The EKS parity run showed the same blast-radius shape (all restarts confined to the churned
node, zero on the others) with a different per-restart cost model (~172 ms implied);
the records note the models differ, so we quote the measured GKE figure and the shape, not a
cross-cloud average. The failure direction during every gap is the same as everywhere else
on this page: absence of benefit, not harm.
The watchdog eject is designed behavior — and it fired
The kernel watchdog is not theoretical for us: during the DeathStarBench campaign it ejected scheduler v13 eight times under sustained saturation, each time reverting the node to CFS exactly as specified while we root-caused a per-CPU kthread starvation bug and shipped the v14 fix (zero ejects in the re-run). The full narrative — forensics, the PSI fingerprinting that identified which windows silently ran CFS, and the fix timeline — is in the service-chains article. What belongs here is the operational conclusion: the eject is the safety system. v14 also added a scheduler supervisor in the agent; a SIGKILL test against the live scheduler showed reap, status flip, and respawn in 3–5 s, closing the v13-era defect where the agent took minutes to notice its scheduler was gone.

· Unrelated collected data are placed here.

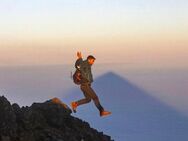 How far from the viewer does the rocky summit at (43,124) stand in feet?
107

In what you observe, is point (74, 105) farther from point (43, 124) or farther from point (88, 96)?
point (43, 124)

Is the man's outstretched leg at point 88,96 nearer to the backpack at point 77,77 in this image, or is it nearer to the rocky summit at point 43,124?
the backpack at point 77,77

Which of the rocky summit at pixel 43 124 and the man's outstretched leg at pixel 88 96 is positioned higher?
the man's outstretched leg at pixel 88 96

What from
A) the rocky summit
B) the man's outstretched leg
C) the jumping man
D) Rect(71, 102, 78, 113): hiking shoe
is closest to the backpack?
the jumping man

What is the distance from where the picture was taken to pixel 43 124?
3531cm

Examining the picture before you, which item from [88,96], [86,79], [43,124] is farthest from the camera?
[88,96]

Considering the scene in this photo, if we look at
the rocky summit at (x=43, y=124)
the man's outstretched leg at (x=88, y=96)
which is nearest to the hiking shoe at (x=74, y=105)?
the man's outstretched leg at (x=88, y=96)

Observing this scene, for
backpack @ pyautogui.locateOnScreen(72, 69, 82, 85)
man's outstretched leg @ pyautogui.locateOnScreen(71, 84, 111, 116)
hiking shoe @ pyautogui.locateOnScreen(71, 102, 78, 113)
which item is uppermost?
backpack @ pyautogui.locateOnScreen(72, 69, 82, 85)

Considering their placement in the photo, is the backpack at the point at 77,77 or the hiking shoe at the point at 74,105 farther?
the hiking shoe at the point at 74,105

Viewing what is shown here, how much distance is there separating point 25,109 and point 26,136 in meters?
3.80

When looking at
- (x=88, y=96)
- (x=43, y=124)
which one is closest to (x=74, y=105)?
(x=88, y=96)

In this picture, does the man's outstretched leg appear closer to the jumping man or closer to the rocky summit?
the jumping man

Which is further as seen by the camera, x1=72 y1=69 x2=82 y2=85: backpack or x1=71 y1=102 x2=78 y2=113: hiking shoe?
x1=71 y1=102 x2=78 y2=113: hiking shoe

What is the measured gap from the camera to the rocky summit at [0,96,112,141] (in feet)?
107
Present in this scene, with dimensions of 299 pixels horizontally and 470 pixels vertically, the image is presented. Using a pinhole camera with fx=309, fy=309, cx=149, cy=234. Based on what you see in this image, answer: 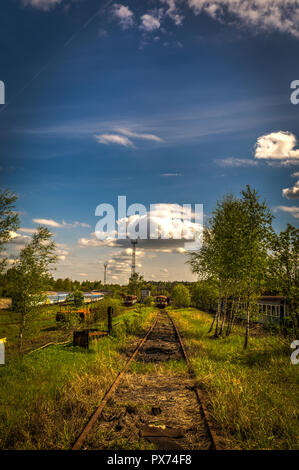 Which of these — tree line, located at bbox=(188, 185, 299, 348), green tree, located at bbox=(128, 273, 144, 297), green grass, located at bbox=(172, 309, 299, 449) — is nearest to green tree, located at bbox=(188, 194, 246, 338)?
tree line, located at bbox=(188, 185, 299, 348)

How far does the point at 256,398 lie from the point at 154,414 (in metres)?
2.31

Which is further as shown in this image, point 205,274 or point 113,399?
point 205,274

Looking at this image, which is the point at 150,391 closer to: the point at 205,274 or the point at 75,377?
the point at 75,377

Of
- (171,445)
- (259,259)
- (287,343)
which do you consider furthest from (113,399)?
(259,259)

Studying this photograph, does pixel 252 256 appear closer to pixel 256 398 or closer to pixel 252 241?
pixel 252 241

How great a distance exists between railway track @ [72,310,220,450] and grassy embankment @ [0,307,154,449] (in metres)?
0.32

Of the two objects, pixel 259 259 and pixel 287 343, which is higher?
pixel 259 259

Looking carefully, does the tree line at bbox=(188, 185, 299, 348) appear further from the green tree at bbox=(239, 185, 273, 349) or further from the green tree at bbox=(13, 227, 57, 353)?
the green tree at bbox=(13, 227, 57, 353)

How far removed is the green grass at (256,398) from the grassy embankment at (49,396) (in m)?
2.70

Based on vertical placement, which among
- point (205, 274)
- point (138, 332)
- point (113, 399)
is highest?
point (205, 274)

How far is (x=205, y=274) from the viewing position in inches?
888

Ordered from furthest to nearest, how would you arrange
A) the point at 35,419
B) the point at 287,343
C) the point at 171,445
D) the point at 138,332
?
the point at 138,332 < the point at 287,343 < the point at 35,419 < the point at 171,445

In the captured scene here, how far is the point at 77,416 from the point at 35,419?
0.77m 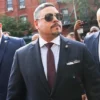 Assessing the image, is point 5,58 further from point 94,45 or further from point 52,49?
point 52,49

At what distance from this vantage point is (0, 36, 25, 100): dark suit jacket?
4.61 meters

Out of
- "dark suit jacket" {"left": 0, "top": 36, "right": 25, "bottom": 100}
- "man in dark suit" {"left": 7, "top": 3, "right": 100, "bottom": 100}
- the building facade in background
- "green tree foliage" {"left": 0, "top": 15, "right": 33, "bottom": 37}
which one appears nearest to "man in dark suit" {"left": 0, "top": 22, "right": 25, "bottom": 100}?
"dark suit jacket" {"left": 0, "top": 36, "right": 25, "bottom": 100}

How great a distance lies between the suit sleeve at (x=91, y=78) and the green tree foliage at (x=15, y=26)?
3743cm

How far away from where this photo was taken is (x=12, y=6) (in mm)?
47469

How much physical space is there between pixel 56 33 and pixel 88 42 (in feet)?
4.45

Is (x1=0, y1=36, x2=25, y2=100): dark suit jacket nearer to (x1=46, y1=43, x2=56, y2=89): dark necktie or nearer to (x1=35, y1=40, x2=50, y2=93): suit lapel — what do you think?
(x1=35, y1=40, x2=50, y2=93): suit lapel

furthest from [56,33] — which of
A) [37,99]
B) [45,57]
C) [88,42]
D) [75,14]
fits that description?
[75,14]

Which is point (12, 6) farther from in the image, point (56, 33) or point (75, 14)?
point (56, 33)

The kill switch, and why rollback is two separate speeds
Fleet-wide rollback is one node annotation — temper.codes/safe-mode-requested
— honored directly by each node's agent with no control-plane round trip, so it works
even when everything above the node engine is down. Entering safe mode always succeeds (it
kills the scheduler; the kernel does the rest), and the agent also auto-enters safe mode on
scheduler crash. The operational point, spelled out in
the runbook: enforcement rollback (milliseconds,
kernel-native) is deliberately decoupled from software rollback (minutes, helm) — you
never wait on an image pull to get back to stock scheduling. Safe mode also restores CFS
with CPU quotas, which matters given the
cpu.max disclosure.
For upgrades, the chart ships a canary mechanism: a second DaemonSet with the candidate image on labeled nodes, with hard mutual-exclusion affinity against the main one. A misbehaving candidate's blast radius is the labeled nodes, and each of them fails toward stock CFS — the same direction as every other failure on this page.
What is measured vs. what is guaranteed
- Guaranteed by the kernel: atomic revert to the stock scheduler on scheduler death, BPF error, watchdog stall, or request. This is sched_ext's contract, independent of our code quality.
- Measured by us: the failover blip (GKE and EKS), the soak (memory, SLO envelope, CFS-gap), the churn cost, the supervisor recovery time, and the eject class found and closed on a real workload.
- Known costs, stated: ~52.6 ms of CFS per reconfiguration (debounced and batched; a deployment pattern that flaps PriorityClasses works against itself), and the cpu.max semantic difference while attached.
Raw records
- docs/training-artifacts/reliability/SOAK-REPORT.md
- docs/training-artifacts/reliability/failover-record.json
- docs/training-artifacts/reliability/churn-record.json
- docs/training-artifacts/reliability/soak-churn-record.json
- docs/training-artifacts/reliability/agent-mem.csv · slo.csv
- docs/training-artifacts/reliability/eks/ (failover + churn parity)
- docs/training-artifacts/binpack/SAVINGS-REPORT.md (§4 reliability)
- docs/training-artifacts/deathstarbench/v14-validation/REPORT.md (eject closure + supervisor kill test)
- docs/security/WHITEPAPER.md (§2, the kernel contract and kill switch)
Committed benchmark records in the product repository; design partners get the full artifact tree.